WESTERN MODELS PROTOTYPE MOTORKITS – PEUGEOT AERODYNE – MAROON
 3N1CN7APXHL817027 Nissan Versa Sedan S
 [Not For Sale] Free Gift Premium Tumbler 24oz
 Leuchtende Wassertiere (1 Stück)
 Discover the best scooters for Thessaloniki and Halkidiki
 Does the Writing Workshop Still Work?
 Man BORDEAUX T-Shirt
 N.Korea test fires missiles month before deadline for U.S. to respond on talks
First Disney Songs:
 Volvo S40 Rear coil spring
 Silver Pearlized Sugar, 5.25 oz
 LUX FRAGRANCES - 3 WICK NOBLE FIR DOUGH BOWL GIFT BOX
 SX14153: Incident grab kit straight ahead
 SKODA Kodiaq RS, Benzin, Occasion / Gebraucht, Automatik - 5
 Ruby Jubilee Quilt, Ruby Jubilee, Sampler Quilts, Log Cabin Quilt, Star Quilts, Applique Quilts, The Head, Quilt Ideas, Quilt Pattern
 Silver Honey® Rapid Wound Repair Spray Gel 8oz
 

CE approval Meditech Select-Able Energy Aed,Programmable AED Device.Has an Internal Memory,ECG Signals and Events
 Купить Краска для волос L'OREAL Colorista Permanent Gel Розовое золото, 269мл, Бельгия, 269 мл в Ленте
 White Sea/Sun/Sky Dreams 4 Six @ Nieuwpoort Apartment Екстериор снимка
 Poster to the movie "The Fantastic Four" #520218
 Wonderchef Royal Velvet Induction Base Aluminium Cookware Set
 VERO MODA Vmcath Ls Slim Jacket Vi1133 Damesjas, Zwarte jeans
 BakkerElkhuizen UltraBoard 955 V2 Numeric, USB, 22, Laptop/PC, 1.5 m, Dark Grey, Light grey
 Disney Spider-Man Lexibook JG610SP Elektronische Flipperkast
————
What is being asked:
Exactly reproduce the lines beginning with the one that contains "3N1CN7APXHL817027 Nissan Versa Sedan S" and ending with the last line of the material, both included. Leave out everything else.

Response below:
 3N1CN7APXHL817027 Nissan Versa Sedan S
 [Not For Sale] Free Gift Premium Tumbler 24oz
 Leuchtende Wassertiere (1 Stück)
 Discover the best scooters for Thessaloniki and Halkidiki
 Does the Writing Workshop Still Work?
 Man BORDEAUX T-Shirt
 N.Korea test fires missiles month before deadline for U.S. to respond on talks
First Disney Songs:
 Volvo S40 Rear coil spring
 Silver Pearlized Sugar, 5.25 oz
 LUX FRAGRANCES - 3 WICK NOBLE FIR DOUGH BOWL GIFT BOX
 SX14153: Incident grab kit straight ahead
 SKODA Kodiaq RS, Benzin, Occasion / Gebraucht, Automatik - 5
 Ruby Jubilee Quilt, Ruby Jubilee, Sampler Quilts, Log Cabin Quilt, Star Quilts, Applique Quilts, The Head, Quilt Ideas, Quilt Pattern
 Silver Honey® Rapid Wound Repair Spray Gel 8oz
 

CE approval Meditech Select-Able Energy Aed,Programmable AED Device.Has an Internal Memory,ECG Signals and Events
 Купить Краска для волос L'OREAL Colorista Permanent Gel Розовое золото, 269мл, Бельгия, 269 мл в Ленте
 White Sea/Sun/Sky Dreams 4 Six @ Nieuwpoort Apartment Екстериор снимка
 Poster to the movie "The Fantastic Four" #520218
 Wonderchef Royal Velvet Induction Base Aluminium Cookware Set
 VERO MODA Vmcath Ls Slim Jacket Vi1133 Damesjas, Zwarte jeans
 BakkerElkhuizen UltraBoard 955 V2 Numeric, USB, 22, Laptop/PC, 1.5 m, Dark Grey, Light grey
 Disney Spider-Man Lexibook JG610SP Elektronische Flipperkast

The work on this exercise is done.